Instructions to follow:
Every line of the entries below from the one containing "Grey Base Leaf" to the one containing "Apartment Rosic Perast Exteriör bild", both ends included, must be written out exactly. No other line belongs in the answer.

Records for processing:
»»

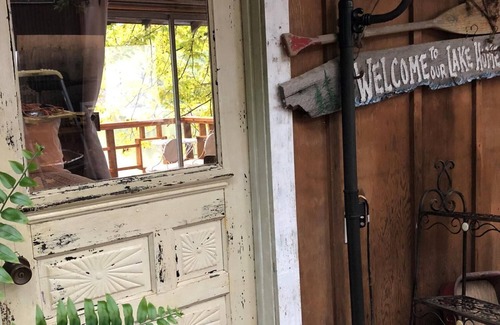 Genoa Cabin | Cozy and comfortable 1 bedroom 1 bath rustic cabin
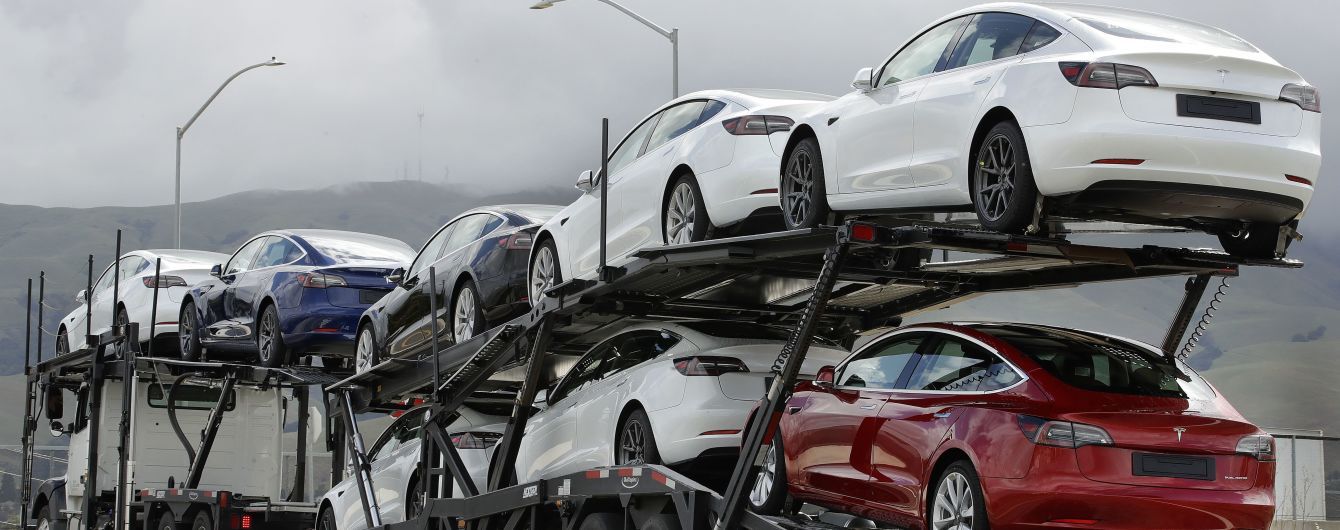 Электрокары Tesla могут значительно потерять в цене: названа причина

««
»»

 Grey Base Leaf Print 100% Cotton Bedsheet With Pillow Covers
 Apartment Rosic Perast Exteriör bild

««

Output for this exercise:
 Grey Base Leaf Print 100% Cotton Bedsheet With Pillow Covers
 Apartment Rosic Perast Exteriör bild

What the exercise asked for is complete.